Tutte queste considerazioni oggi però sono spazzate via da una crisi senza precedenti che avrà pesanti ripercussioni sull’occupazione. Su un inizio di anno caratterizzato da una progressiva riduzione di occupati, coerente con la significativa caduta dei ritmi produttivi, si è innestata la crisi Covid-19 i cui effetti più veri saranno conosciuto una volta che sarà terminata l’emergenza sanitaria. Prima di allora è difficile fare scenari fondati perché la variabile essenziale di questa crisi è il tempo: il tempo della emergenza sanitaria in Italia, il tempo della emergenza sanitaria in Europa e nel mondo, il tempo con cui si ritornerà a normali stili comportamenti sociali e produttivi, il tempo con cui verranno ricostituite le risorse economiche delle famiglie. Un dato deve essere infatti chiaro. Nel breve periodo la nostra società sarà più povera e probabilmente meno incline a spendere, o comunque a riprendere i livelli di consumo pre-crisi (che già non erano brillanti).
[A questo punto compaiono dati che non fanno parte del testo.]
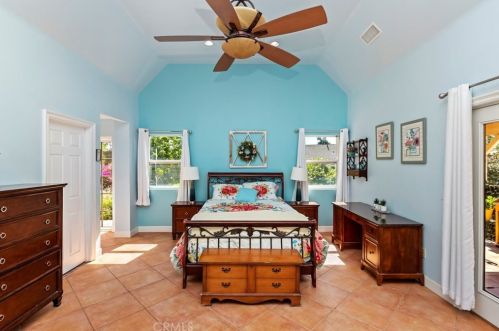 17368 Owl Tree Rd, Riverside CA  92504-9529 exterior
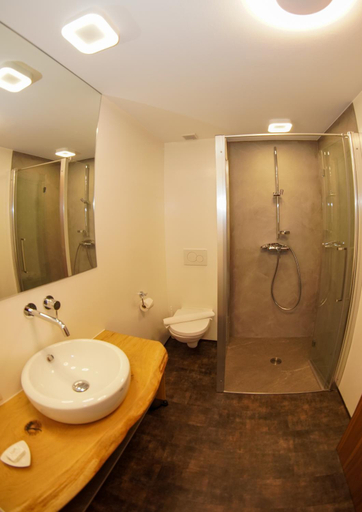 Bathroom 3, der Steinerwirt - B&B in bester Lage, Sankt Johann im Pongau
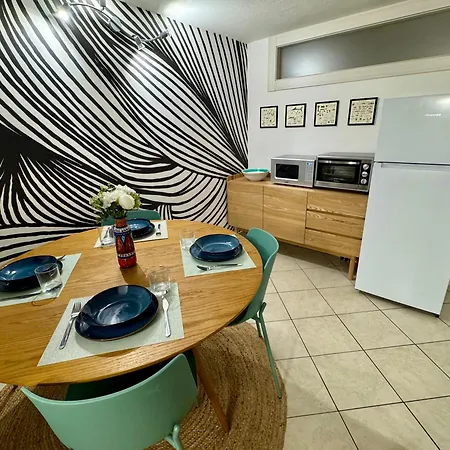 Appartement Stylish Steps From The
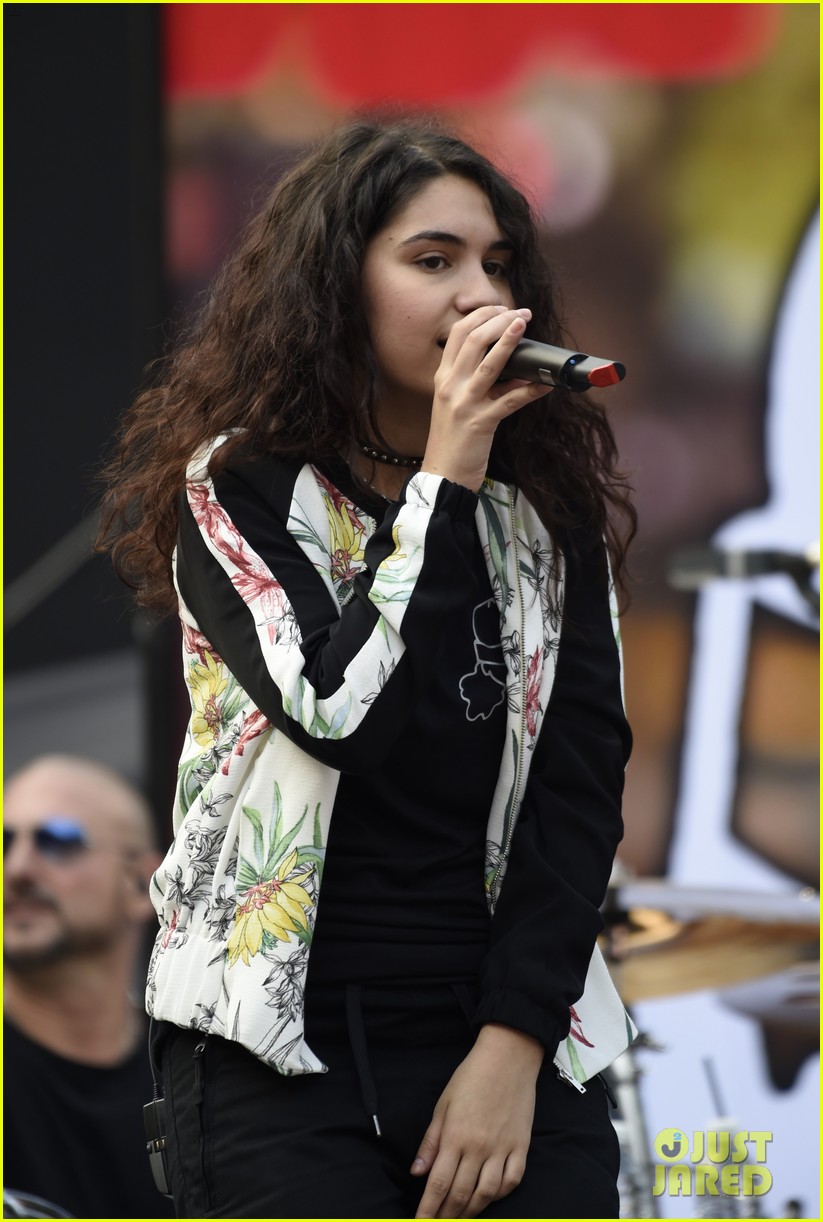 alessia cara concert coldplay manchester 07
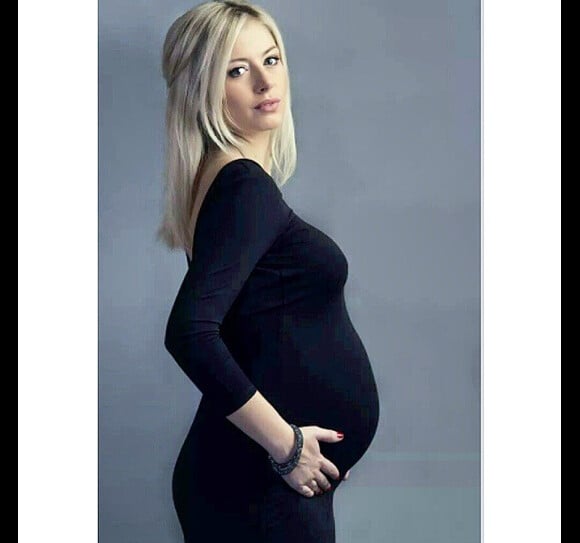 Stéphanie (Secret Story 4), enceinte de son premier enfant, est radieuse un mois avant son accouchement. Janvier 2015.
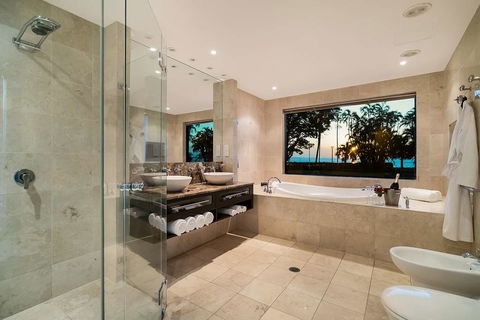 Mindil Beach Resort Casino - Broome Tourism 4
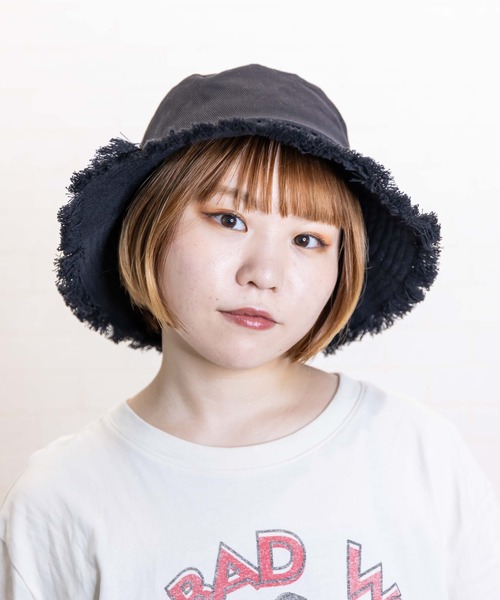 無(ム)の「カツラギフリンジバケットハット(ハット・レディース・ブラック/アイボリー・FREE)」の4枚目の写真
Di questo la politica deve tenere conto nelle scelte che assumerà nelle prossime ore. In particolare, guardando al mercato del lavoro, dovrà evitare che la crisi inneschi una massiccia perdita di occupazione, soprattutto nelle micro imprese e piccole imprese -che ricordo sono quasi il 90 per cento dell’apparato produttivo del Paese-; dovrà evitare che la chiusura forzata delle attività produttive riferite al commercio, al turismo, alla ristorazione determini licenziamenti o fallimenti degli esercizi stessi; dovrà evitare che il precipitare della situazione economica impoverisca una ampia fascia della popolazione italiana. La crisi del 2008 ha prodotto la quasi dissoluzione della classe media ed un profondo mutamento della geografia territoriale delle nostre città. Ha aperto uno squilibrio forte tra quelle che una volta chiamavamo “classi sociali” perché la risposta è stata molto buona nell’emergenza (utilizzo massiccio di ammortizzatori sociali; sostegno alle imprese; nessun sacrificio eccessivo su previdenza, assistenza e sanità) ma è mancata nei sistemi di riequilibrio di medio-lungo periodo.
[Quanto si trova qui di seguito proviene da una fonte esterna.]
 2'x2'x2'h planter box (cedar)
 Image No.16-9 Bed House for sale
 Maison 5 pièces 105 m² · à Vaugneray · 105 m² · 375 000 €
Non si deve commettere ora lo stesso errore in una situazione che nell’immediato è molto più difficile. La risposta necessaria è quella di utilizzare in maniera massiccia e diffusa gli ammortizzatori sociali, qualsiasi sia la forma di lavoro che dobbiamo tutelare perché si deve assolutamente evitare la perdita dei lavoratori o delle lavoratrici e anche la caduta eccessiva di reddito; di sostenere con tutti gli strumenti la liquidità delle imprese, anche quelle micro e dei lavoratori autonomi, in maniera tale che il flusso finanziario tra i diversi attori non si blocchi; di aiutare le famiglie con tutti gli strumenti possibili perché si deve permettere alle donne di non scegliere tra lavoro e famiglia sapendo che la loro uscita dal mercato del lavoro è quasi irreversibile. Le scelte di queste ore devono evitare che il mercato del lavoro collassi e che ci troviamo tra qualche settimana migliaia di persone in fila per chiedere un reddito di cittadinanza e un sostegno monetario per uscire dalla povertà. Per ripartire dobbiamo preservare il lavoro, a qualsiasi costo.